O secretário da SPC aposta que, em dez anos, a previdência complementar, aberta e fechada, alcançará 25% do Produto Interno Bruto (PIB), não sendo improvável chegar em 30%. Hoje, ela está em torno de 16%. Para Reis, medidas como essa MP, os fundos multipatrocinados, a previdência associativa, a previdência do setor público, entre outras, só vêm somar a esse “crescimento real do setor”. Vale lembrar que a reivindicação dos fundos de pensão de isenção de IR na fase de acumulação, atendida por esta MP, constava na Lei Complementar número 109, porém esse trecho foi vetado pelo governo anterior.
Como é hoje
• A empresa patrocinadora de um fundo de pensão deduz de seus impostos a pagar o equivalente a 34% do valor aplicado no fundo. Este porcentual corresponde à alíquota de 25% de Imposto de Renda (IR) e de 9% de Contribuição sobre o Lucro Líquido (CSLL).
• Já o participante do fundo de pensão deduz integralmente do IR anual o valor aplicado. Ele só recolhe o imposto quando passa a receber o benefício ou quando resgata os recursos antecipadamente.

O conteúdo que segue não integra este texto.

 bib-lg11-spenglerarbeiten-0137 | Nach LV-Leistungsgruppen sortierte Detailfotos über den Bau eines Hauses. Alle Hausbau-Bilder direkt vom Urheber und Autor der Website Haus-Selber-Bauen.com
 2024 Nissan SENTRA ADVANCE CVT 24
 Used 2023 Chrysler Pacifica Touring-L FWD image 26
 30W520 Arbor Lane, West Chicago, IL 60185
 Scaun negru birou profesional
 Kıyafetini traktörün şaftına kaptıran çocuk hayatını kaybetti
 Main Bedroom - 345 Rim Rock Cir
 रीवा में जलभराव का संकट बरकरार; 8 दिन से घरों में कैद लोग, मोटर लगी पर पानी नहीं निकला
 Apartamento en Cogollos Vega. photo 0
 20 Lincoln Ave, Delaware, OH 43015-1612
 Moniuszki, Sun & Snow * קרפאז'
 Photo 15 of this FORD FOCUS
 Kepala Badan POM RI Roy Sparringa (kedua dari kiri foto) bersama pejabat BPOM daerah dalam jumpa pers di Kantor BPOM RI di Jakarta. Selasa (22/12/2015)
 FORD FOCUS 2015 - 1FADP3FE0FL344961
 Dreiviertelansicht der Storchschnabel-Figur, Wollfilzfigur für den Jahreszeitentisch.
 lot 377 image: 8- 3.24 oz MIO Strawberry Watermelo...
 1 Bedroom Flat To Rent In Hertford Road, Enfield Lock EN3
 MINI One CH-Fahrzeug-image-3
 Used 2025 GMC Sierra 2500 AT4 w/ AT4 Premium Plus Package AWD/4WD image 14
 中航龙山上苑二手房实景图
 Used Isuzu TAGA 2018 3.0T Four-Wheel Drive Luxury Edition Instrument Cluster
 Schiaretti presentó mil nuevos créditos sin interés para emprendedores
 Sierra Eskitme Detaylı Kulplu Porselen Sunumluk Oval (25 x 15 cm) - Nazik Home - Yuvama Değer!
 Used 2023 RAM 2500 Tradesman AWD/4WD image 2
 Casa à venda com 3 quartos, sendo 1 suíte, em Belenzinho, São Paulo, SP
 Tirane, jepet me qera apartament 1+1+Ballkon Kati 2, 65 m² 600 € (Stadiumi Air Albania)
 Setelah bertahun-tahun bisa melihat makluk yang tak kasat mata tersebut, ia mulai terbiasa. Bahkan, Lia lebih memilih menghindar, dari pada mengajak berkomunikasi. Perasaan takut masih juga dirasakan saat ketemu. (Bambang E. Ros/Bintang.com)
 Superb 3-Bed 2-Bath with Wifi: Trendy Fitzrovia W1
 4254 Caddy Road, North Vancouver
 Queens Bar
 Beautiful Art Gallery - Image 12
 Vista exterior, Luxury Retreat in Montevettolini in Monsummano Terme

Segundo a Receita, a alíquota média paga pelos beneficiários é de 22%.
• Como a empresa deduz 34% do seu IR e o beneficiário paga, em média, 22% em IR, a Receita deixa de receber 12%. Para evitar essa perda, a Receita instituiu em setembro de 2001 o RET para todos os fundos de pensão com patrocinadores, pelo qual é cobrado trimestralmente 12% sobre os ganhos acumulados das reservas.
O que muda
• A partir de 1º de janeiro de 2005, a alíquota de 12% seria extinta.
• A alíquota de IR incidente para os participantes do fundo de pensão seria decrescente ao longo do tempo, começando em 35%. A cada dois anos, ela seria reduzida em cinco pontos porcentuais até o limite de 10%.